#### Requirement:
Return the data below in full and exactly, except that the pictures are dropped.

#### Dataset section:
-*-*-

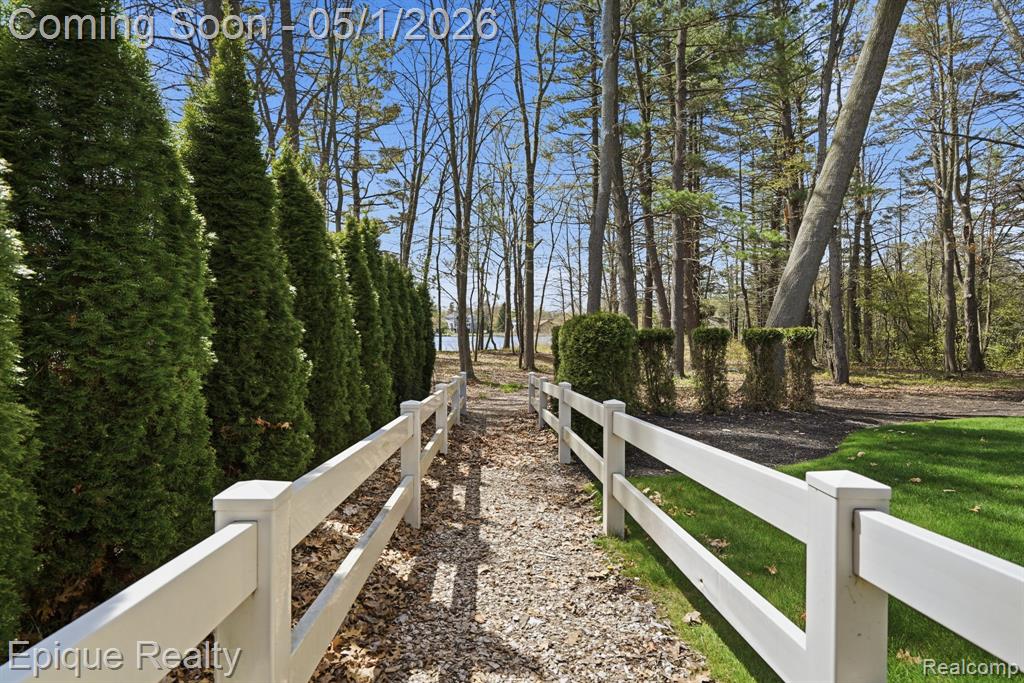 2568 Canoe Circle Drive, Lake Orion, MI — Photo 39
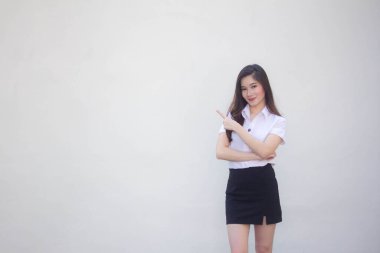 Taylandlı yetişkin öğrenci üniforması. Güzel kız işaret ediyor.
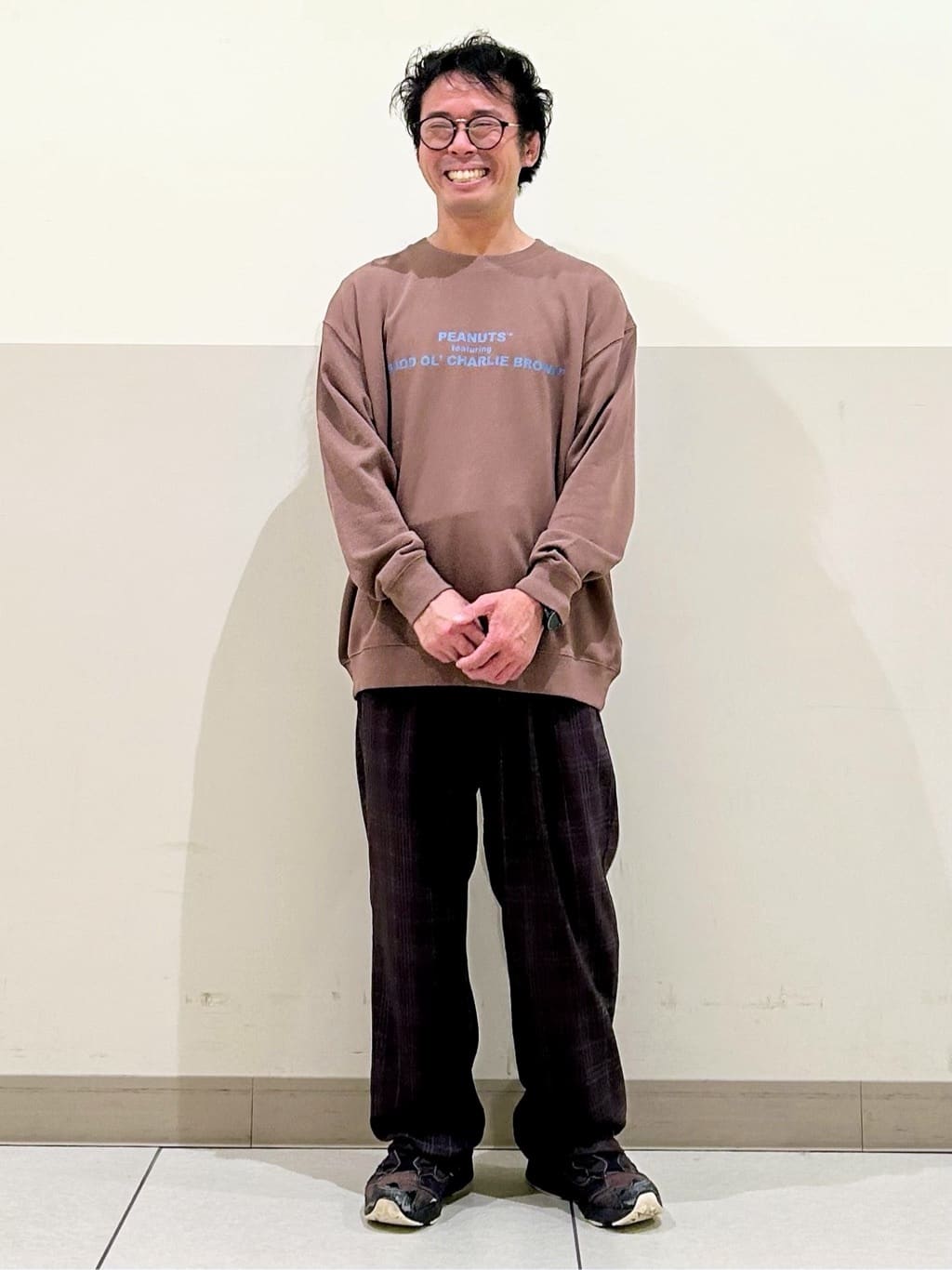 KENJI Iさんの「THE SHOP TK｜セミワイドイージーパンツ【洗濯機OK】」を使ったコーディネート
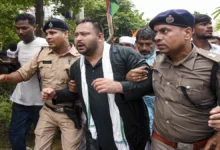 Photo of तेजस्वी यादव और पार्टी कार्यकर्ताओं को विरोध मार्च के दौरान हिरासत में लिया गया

-*-*-

#### Task output:
 2568 Canoe Circle Drive, Lake Orion, MI — Photo 39
 Taylandlı yetişkin öğrenci üniforması. Güzel kız işaret ediyor.
 KENJI Iさんの「THE SHOP TK｜セミワイドイージーパンツ【洗濯機OK】」を使ったコーディネート
 Photo of तेजस्वी यादव और पार्टी कार्यकर्ताओं को विरोध मार्च के दौरान हिरासत में लिया गया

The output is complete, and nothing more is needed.